● Records shown
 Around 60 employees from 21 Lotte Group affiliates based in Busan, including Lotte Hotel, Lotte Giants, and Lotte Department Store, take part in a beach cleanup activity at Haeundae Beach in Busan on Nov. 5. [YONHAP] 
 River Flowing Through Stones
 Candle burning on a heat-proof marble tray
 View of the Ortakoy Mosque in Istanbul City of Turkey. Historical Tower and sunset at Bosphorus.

--

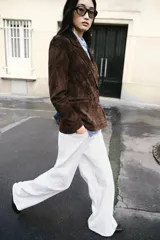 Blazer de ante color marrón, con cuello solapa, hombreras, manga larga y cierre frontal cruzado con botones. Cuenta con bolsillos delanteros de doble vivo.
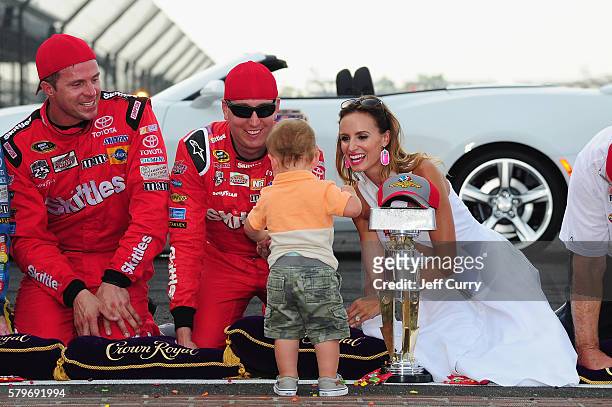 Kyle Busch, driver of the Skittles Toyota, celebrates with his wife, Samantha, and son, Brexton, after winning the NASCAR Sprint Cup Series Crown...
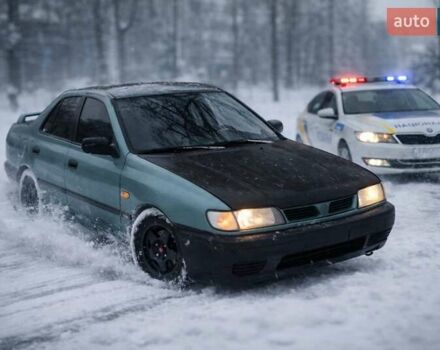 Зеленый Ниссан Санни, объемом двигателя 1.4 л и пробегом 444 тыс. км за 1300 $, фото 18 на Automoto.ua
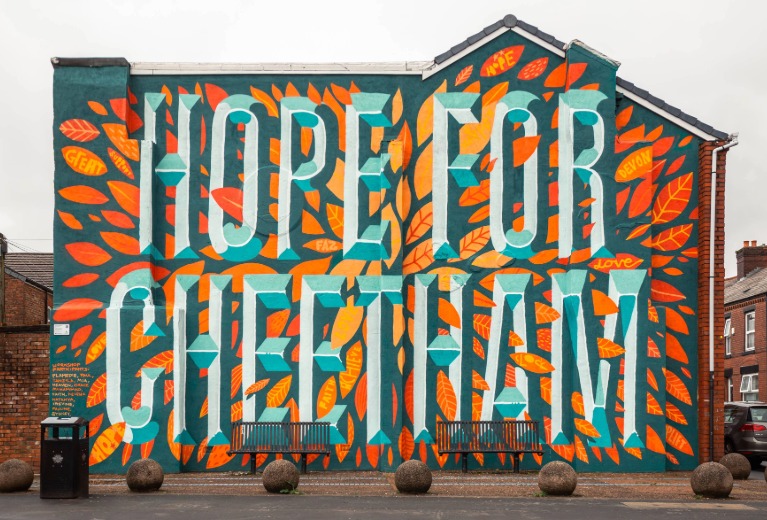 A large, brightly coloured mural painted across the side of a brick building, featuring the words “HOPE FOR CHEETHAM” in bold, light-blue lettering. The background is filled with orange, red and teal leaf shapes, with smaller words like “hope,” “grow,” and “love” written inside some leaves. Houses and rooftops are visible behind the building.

● Work task
Beginning at the line above that contains "Blazer de ante", repeat each line exactly through the one that contains "Зеленый Ниссан Санни, объемом", and leave out the pictures.

● Response for this exercise
 Blazer de ante color marrón, con cuello solapa, hombreras, manga larga y cierre frontal cruzado con botones. Cuenta con bolsillos delanteros de doble vivo.
 Kyle Busch, driver of the Skittles Toyota, celebrates with his wife, Samantha, and son, Brexton, after winning the NASCAR Sprint Cup Series Crown...
 Зеленый Ниссан Санни, объемом двигателя 1.4 л и пробегом 444 тыс. км за 1300 $, фото 18 на Automoto.ua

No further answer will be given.